Task to complete –
Print exactly the lines below between the line holding "MAX CASH FLOW" and the line holding "Whispers of the Holy Spirit - Gratitude", inclusive, and nothing more.

Dataset content –
════════
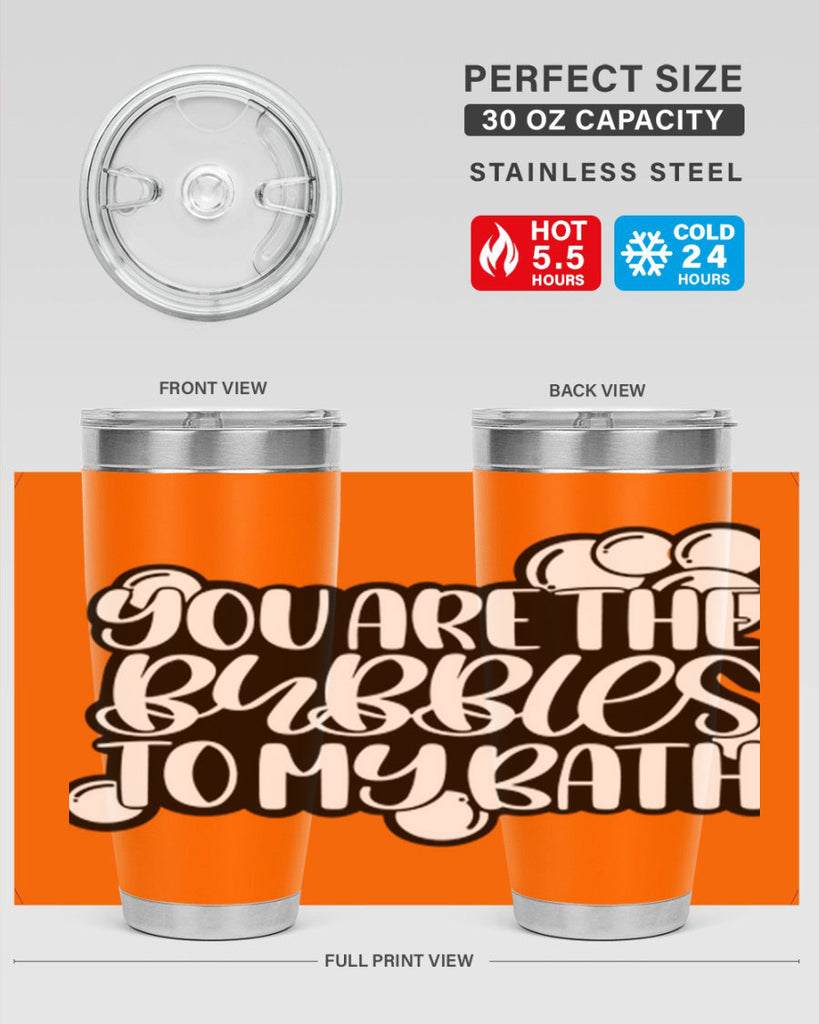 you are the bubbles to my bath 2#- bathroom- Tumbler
════════
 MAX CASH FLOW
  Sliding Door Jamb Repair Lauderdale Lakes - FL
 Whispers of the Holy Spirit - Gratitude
════════
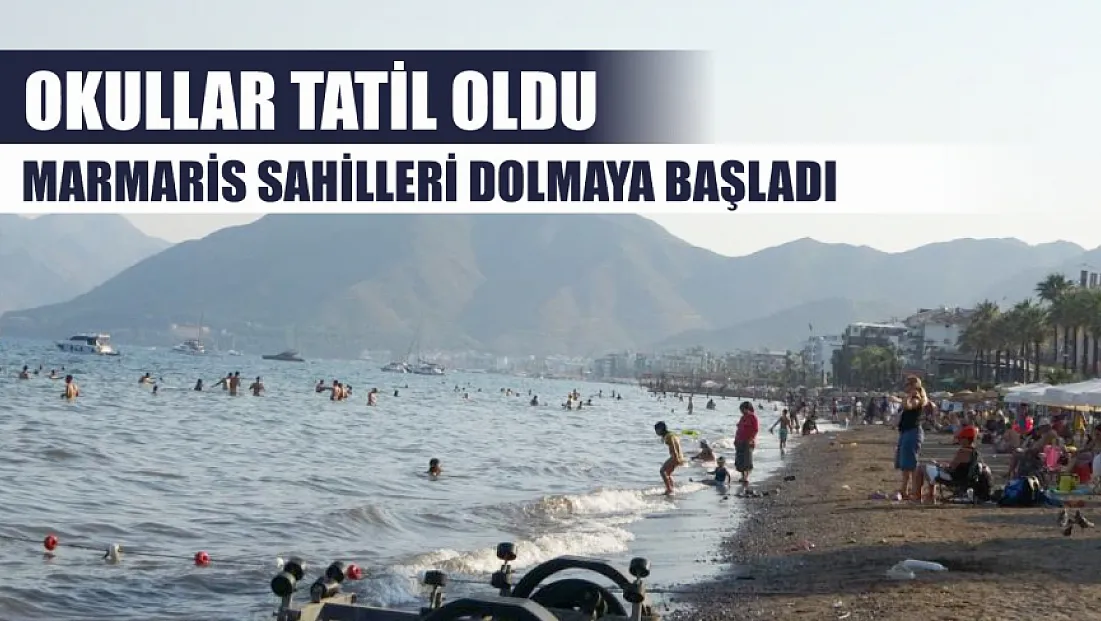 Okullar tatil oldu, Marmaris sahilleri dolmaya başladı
════════
Solution to this exercise –
 MAX CASH FLOW
  Sliding Door Jamb Repair Lauderdale Lakes - FL
 Whispers of the Holy Spirit - Gratitude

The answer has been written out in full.